** Task details **
Each line below from the one containing "Atos 10:23 em imagem para compartilhar" through the one containing "Tulane - 6 Piece" should be output exactly as it stands, and no other line should appear.

** Data for review **
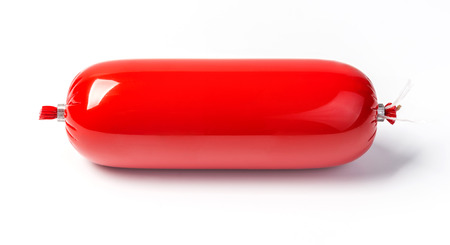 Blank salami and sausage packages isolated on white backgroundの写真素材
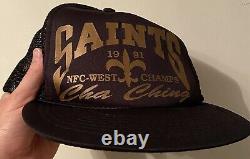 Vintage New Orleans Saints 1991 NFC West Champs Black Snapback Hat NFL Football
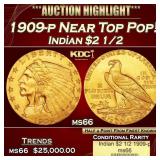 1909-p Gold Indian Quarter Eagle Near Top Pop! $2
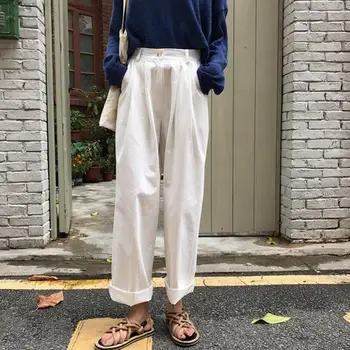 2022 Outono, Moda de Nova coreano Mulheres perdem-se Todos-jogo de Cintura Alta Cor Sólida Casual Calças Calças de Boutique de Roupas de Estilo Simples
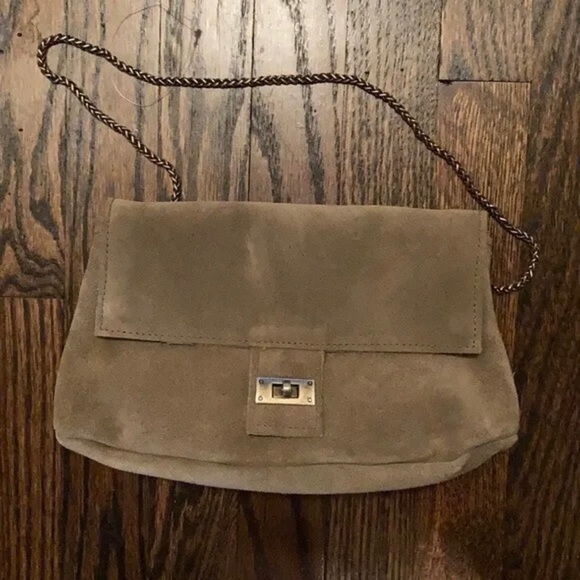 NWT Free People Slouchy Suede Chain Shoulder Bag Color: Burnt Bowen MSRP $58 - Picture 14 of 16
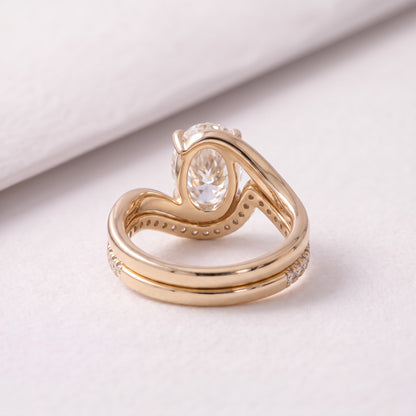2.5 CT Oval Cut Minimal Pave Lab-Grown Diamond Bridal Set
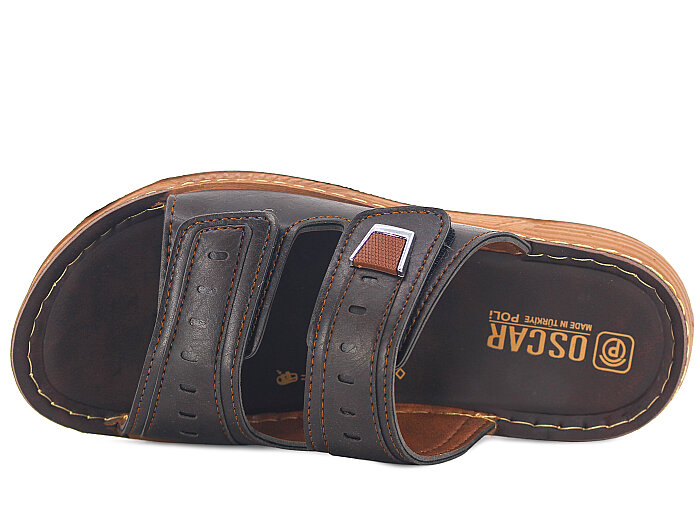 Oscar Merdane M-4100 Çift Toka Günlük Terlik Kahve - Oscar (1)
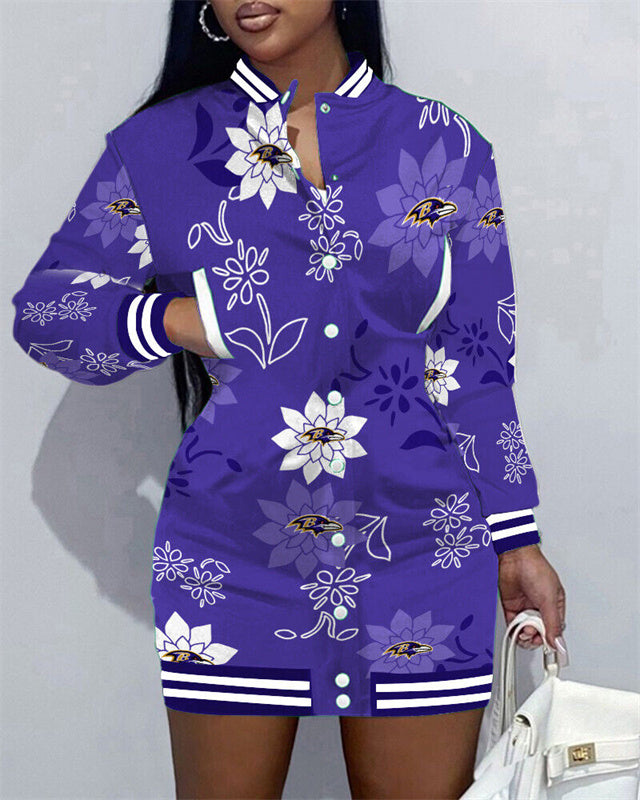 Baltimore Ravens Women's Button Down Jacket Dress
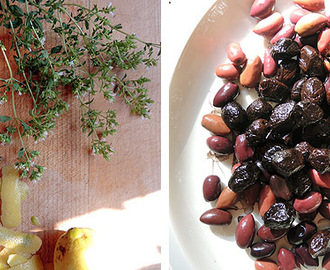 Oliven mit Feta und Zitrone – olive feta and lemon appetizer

...

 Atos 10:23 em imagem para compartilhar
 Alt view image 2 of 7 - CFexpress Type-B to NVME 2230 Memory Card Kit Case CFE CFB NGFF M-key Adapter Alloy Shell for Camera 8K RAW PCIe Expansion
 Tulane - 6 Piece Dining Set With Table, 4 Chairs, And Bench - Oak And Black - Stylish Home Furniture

** Task output **
 Atos 10:23 em imagem para compartilhar
 Alt view image 2 of 7 - CFexpress Type-B to NVME 2230 Memory Card Kit Case CFE CFB NGFF M-key Adapter Alloy Shell for Camera 8K RAW PCIe Expansion
 Tulane - 6 Piece Dining Set With Table, 4 Chairs, And Bench - Oak And Black - Stylish Home Furniture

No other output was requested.